Rentable, l’adjectif hors propos

«En tous les cas, je répète être contre une analyse des PMG qui se réduirait à l’angle de la ‘rentabilité’», reprend Guy Delrée. «Les postes n’ont pas été créés pour ça! Je peux réaffirmer que les médecins francophones ont travaillé en bons pères de famille pour créer des structures qui offrent, à la fois, des conditions de travail plus supportables pour les MG – quoique se pose quand même la question de leur rétribution pour cette mobilisation… – et un service de proximité à la population.»

Guy Delrée se projette dans un scénario restrictif, guidé par le critère de rentabilité, indépendamment de réalités locales comme les distances ou la densité de population. «Imaginons que leur verdict soit: ‘au Luxembourg, ce n’est pas rentable’, et qu’on nous dise de 7 PMG, il faut descendre à 3 ou 4. Qui seront les premières victimes? Les MG, pour leur part, seront moins fréquemment mobilisés et, par concentration des actes dans un nombre réduit de points de chute, auront des rentrées financières plus élevées. Non, les premières victimes de ce choix politique, ce seront les patients, tout simplement.»

Anne, Sœur Anne…

Pas étonnant que du côté des maisons médicales et pratiques au forfait, secteur victime d’un ‘gel’ ministériel en octobre 2016 jusqu’à ce que tombent les conclusions d’un autre audit, on regarde la méthode comme une machine à arrêter le temps (et l’argent). L’audit n’est pas le seul dossier lié à la garde MG qui prend du retard (*). «On nous avait parlé d’un 1733 opérationnel partout. Ça n’avance pas du tout», énumère Guy Delrée. «Et ce qui pose à présent de plus en plus question, c’est la garde semaine. Dans plusieurs endroits de Wallonie, des cercles sont ouvertement demandeurs, et depuis un moment. L’idée de la développer, liée à une révision des honoraires de disponibilité, date de l’avant-dernier accord, signé pour 2015» (**).

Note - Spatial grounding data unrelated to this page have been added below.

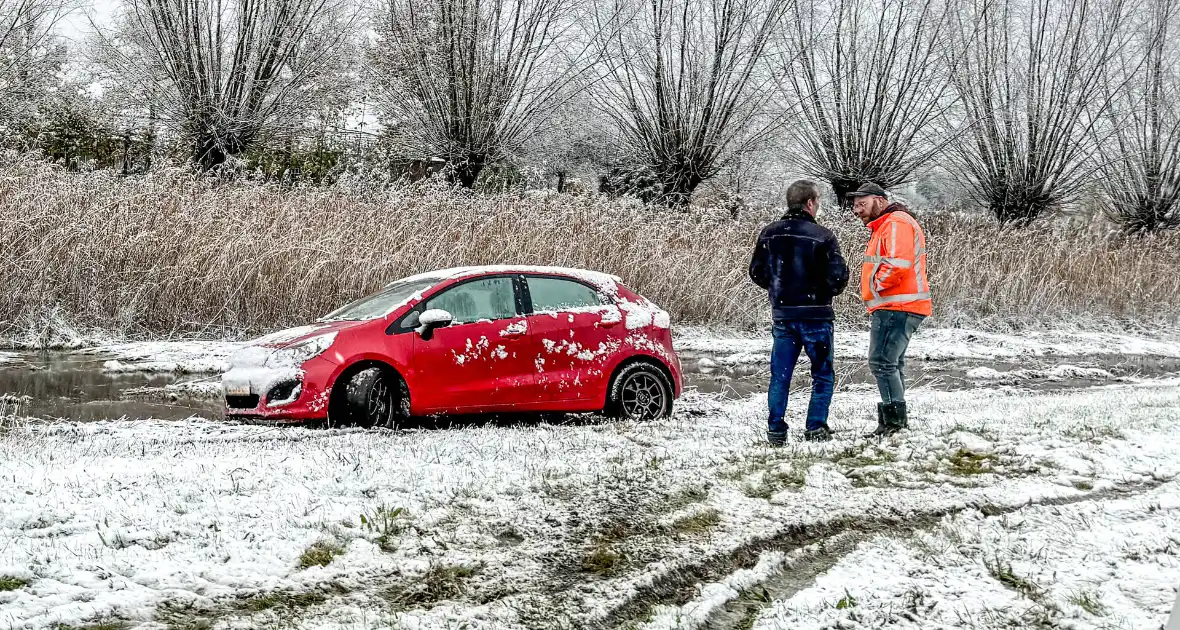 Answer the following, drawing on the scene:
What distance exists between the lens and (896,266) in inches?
285

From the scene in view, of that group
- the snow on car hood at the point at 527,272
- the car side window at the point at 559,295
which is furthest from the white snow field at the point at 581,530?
the snow on car hood at the point at 527,272

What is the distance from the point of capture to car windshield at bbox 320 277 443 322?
839cm

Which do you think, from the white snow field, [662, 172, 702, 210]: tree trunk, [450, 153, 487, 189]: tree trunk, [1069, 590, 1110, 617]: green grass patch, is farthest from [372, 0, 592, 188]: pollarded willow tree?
[1069, 590, 1110, 617]: green grass patch

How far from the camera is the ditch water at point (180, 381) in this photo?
9289mm

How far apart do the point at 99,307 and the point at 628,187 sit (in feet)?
39.5

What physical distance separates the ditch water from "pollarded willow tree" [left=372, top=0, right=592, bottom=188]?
779 cm

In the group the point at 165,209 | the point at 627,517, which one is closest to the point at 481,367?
the point at 627,517

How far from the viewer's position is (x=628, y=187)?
22.3 m

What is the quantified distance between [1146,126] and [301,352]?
23.3 m

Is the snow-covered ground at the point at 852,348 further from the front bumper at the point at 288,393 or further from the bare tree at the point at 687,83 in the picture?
the bare tree at the point at 687,83

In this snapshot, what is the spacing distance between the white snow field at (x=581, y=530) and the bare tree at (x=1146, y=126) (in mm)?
19557

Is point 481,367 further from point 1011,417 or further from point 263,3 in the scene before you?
point 263,3

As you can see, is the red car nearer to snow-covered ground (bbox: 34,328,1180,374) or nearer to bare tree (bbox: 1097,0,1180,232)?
snow-covered ground (bbox: 34,328,1180,374)

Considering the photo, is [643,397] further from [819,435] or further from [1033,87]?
[1033,87] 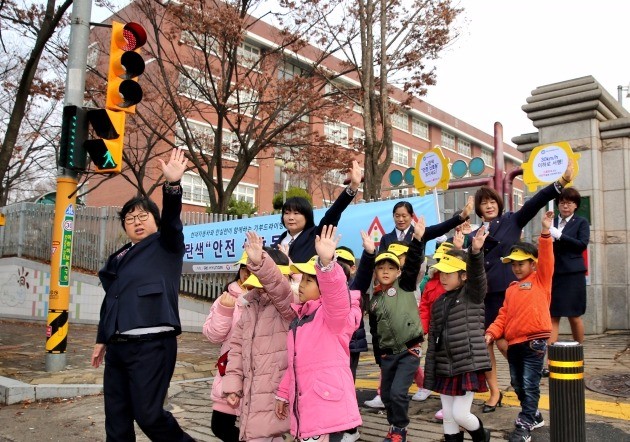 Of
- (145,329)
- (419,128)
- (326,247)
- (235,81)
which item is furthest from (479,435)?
(419,128)

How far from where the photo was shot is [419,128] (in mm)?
50812

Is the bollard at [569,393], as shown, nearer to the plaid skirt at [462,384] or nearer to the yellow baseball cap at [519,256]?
the plaid skirt at [462,384]

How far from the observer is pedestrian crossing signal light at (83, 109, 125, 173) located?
7.01 m

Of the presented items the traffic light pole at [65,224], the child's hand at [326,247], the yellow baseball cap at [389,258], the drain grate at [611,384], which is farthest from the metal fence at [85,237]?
the child's hand at [326,247]

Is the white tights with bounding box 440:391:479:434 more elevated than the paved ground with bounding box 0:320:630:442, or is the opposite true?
the white tights with bounding box 440:391:479:434

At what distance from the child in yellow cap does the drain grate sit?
213cm

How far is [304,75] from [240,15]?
103 inches

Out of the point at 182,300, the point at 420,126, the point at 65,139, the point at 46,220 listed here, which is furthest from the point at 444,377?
the point at 420,126

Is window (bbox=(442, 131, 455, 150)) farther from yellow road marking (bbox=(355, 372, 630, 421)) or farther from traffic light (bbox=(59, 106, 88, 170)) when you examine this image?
yellow road marking (bbox=(355, 372, 630, 421))

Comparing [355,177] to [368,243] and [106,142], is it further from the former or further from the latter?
[106,142]

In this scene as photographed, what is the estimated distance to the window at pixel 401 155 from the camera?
46719mm

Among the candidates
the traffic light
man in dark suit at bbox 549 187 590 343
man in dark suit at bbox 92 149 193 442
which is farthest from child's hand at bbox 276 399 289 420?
the traffic light

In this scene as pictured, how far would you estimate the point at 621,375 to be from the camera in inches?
242

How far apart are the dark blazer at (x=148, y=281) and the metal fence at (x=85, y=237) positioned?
8.74 metres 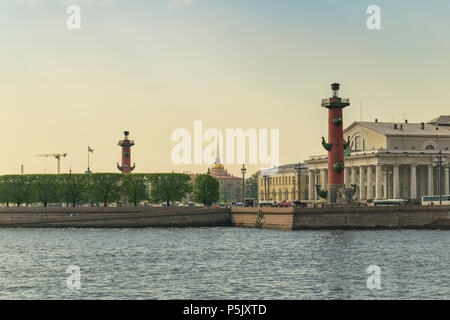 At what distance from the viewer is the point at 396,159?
114062 millimetres

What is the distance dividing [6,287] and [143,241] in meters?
33.0

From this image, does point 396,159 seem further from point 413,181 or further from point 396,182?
point 413,181

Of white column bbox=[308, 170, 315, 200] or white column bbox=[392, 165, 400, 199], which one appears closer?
white column bbox=[392, 165, 400, 199]

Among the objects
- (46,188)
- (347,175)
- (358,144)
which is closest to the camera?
(46,188)

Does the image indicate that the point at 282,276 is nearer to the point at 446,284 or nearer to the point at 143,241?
the point at 446,284

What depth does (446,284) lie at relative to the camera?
37.6m

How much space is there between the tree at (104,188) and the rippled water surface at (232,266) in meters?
39.5

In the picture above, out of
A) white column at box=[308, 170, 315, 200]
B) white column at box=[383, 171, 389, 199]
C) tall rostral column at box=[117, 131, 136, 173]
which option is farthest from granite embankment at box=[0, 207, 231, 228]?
white column at box=[308, 170, 315, 200]

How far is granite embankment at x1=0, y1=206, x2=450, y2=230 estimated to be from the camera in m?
81.7

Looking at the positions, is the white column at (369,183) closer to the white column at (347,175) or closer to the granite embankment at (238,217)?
the white column at (347,175)

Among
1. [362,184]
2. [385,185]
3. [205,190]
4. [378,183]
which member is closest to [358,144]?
[362,184]

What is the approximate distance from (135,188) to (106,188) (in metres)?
4.27

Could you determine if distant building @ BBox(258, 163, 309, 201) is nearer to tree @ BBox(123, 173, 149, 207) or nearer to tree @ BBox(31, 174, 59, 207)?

(*) Feu-l’accord 2016-2017 disait en son point 4.1.4.1. que la médico-mut apporterait, courant 2016, des modifications au système de financement des PMG sur la base (entre autres) des informations découlant d'un audit externe.
(**) De fait, il en est question au point 4.1.4., dédié au renforcement de la politique en matière de PMG.